Dans cette lutte, les communistes doivent expliquer aux masses ouvrières que le degré atteint par le développement capitaliste condamne à l’impuissance les luttes économiques isolées, qu’il faut aider toute partie du prolétariat luttant sur le front commun, qu’il faut élargir la lutte économique à des revendications qui se transforment en lutte pour la conquête du pouvoir politique et le renversement du gouvernement capitaliste.
Dans cette lutte, les communistes doivent entrer dans les syndicats afin que ceux-ci, avec le nivellement croissant des conditions de travail et de salaires des différentes catégories que provoque la décomposition du capitalisme, se transforment en syndicats d’industrie qui, face au capital uni, disposent d’une capacité défensive et offensive infiniment supérieure à celle des syndicats de métier divisés. Ils doivent y entrer afin que la bureaucratie syndicale contre-révolutionnaire centralisée qui dirige les masses d’en haut fasse place à un système souple de délégués (Vertrauensmänner). Elus dans les entreprises partout où cela est possible, ces derniers devront, sans entraver l’initiative des masses, pousser les directions syndicales, tout en diffusant simultanément dans les masses les perspectives économiques et politiques et les expériences de la direction.

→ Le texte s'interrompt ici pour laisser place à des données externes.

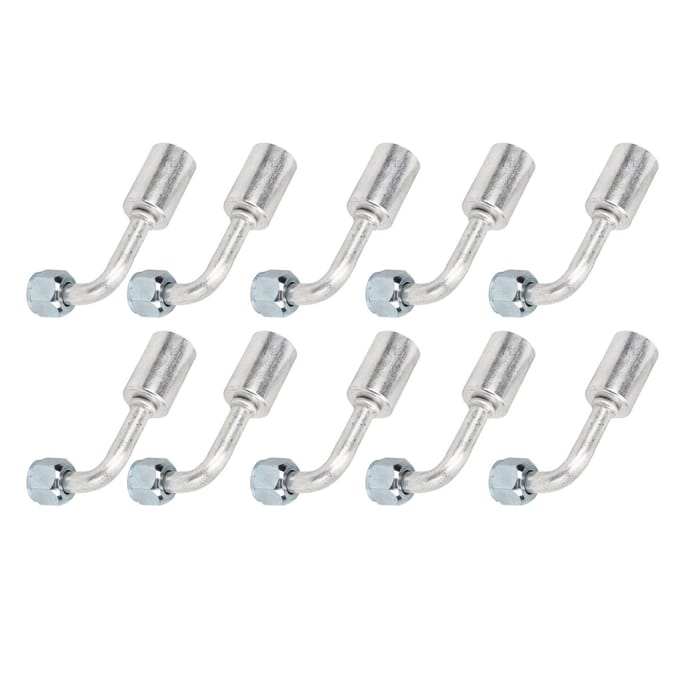 10 Stuks 38in Airconditioning 90 Graden Beadlock Aluminium AC Splicer Slangkoppelingen Adapter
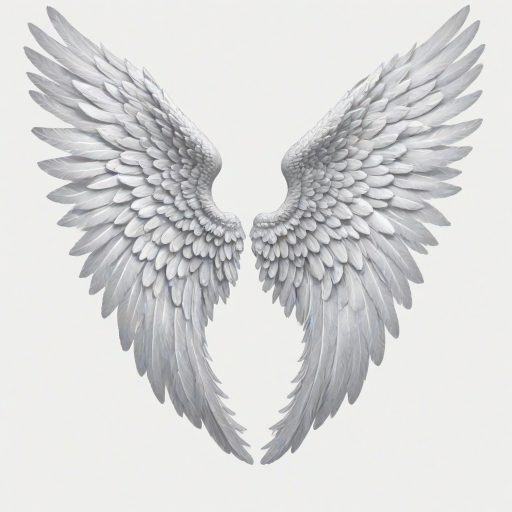 transparent angel wings png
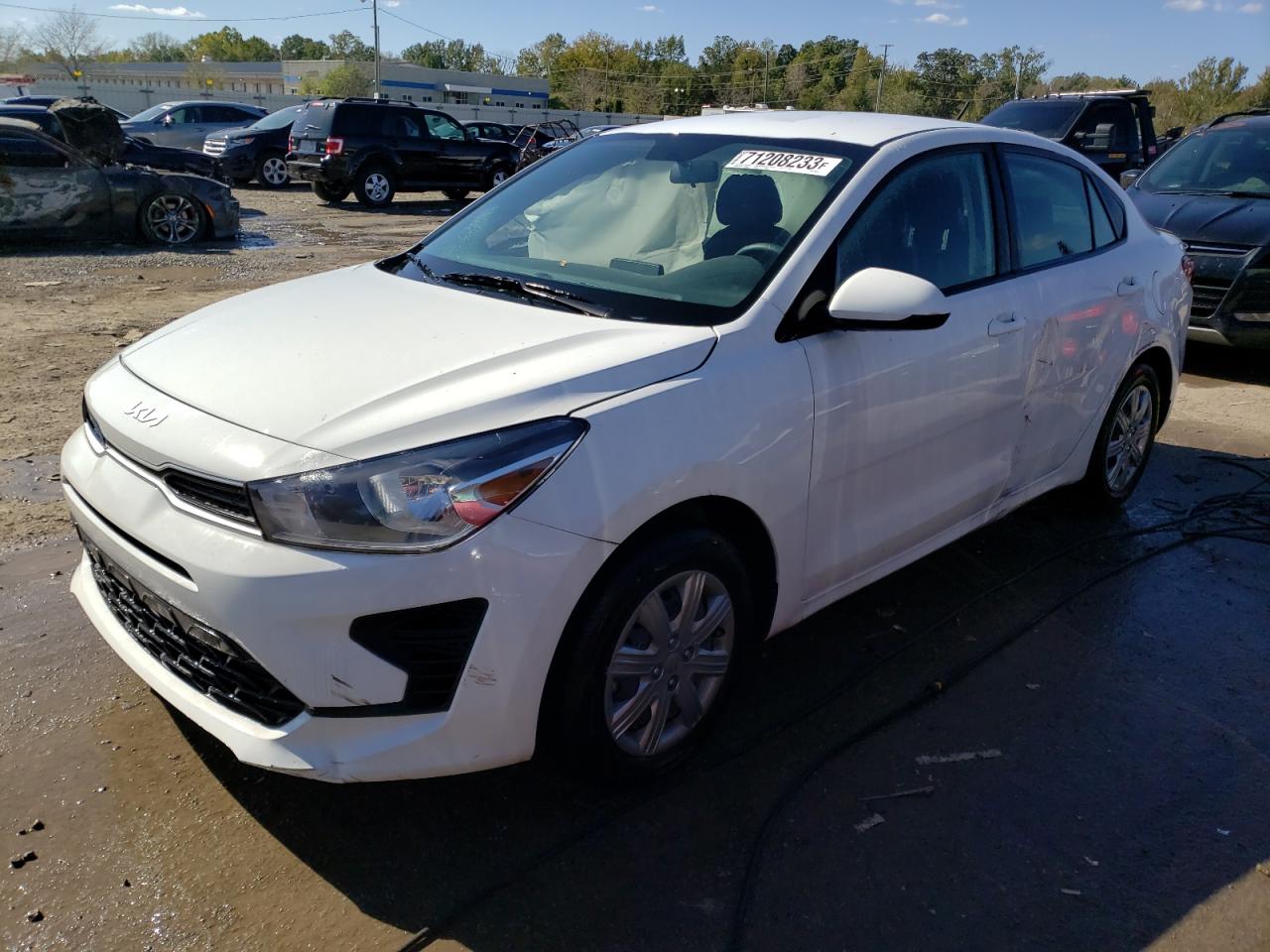 Изображение 2022 KIA RIO LX 2022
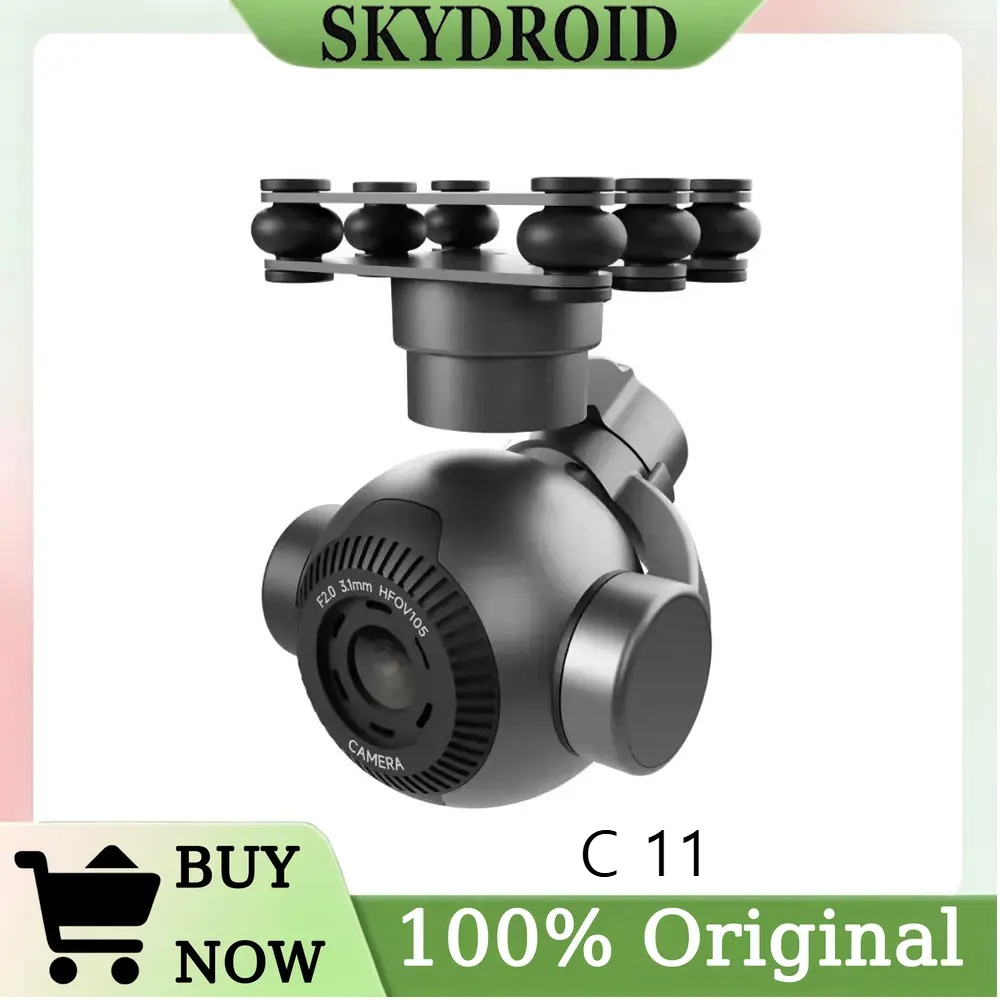 Skydroid C11 4K 3-Axis Gimbal  - Action Camera 4K 评论和价格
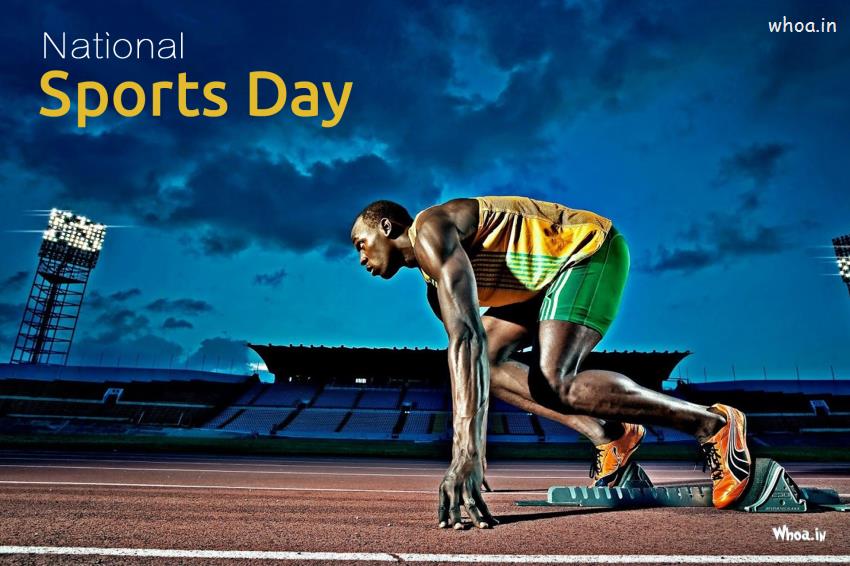 29,August National Sports Day Hd Wallpaper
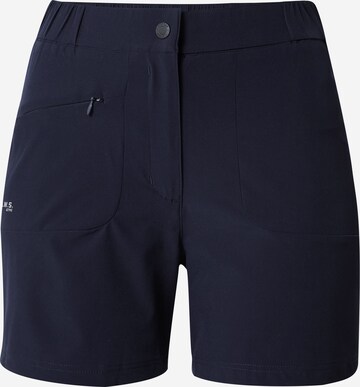 ICEPEAK Slimfit Outdoorshorts 'BROOKLET' in Blau: predná strana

La lutte économique du prolétariat à l’époque de la révolution sociale consiste clans le renforcement et la généralisation de la poussée des masses pour le renversement de la bourgeoisie, mais sans détruire ni endommager les moyens de production comme cela peut arriver souvent avec la guerre civile. Pour cette raison, combattre de toutes leurs forces l’idée de sabotage des moyens de production, et expliquer aux masses populaires que la désorganisation de l’économie résulte de l’incapacité de la bourgeoisie à bâtir un ordre nouveau et de sa détermination à la ruiner totalement s’il n’existe pas d’autre moyen d’empêcher la classe ouvrière de s’emparer des moyens de production et de les utiliser au bénéfice des masses populaires souffrantes.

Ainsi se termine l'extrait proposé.